About this exercise — Locate the line that contains "Cucuve Eco Hostal" in the entries below, then repeat it and every following line through the line that contains "Cienega Springs House", exactly, and no others.

___ Data records ___

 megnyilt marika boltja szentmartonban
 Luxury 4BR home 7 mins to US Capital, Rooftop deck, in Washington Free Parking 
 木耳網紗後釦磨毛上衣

___
___ Data records ___

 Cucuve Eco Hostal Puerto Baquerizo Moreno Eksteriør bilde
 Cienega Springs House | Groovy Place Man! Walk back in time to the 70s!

___

Result —
 Cucuve Eco Hostal Puerto Baquerizo Moreno Eksteriør bilde
 Cienega Springs House | Groovy Place Man! Walk back in time to the 70s!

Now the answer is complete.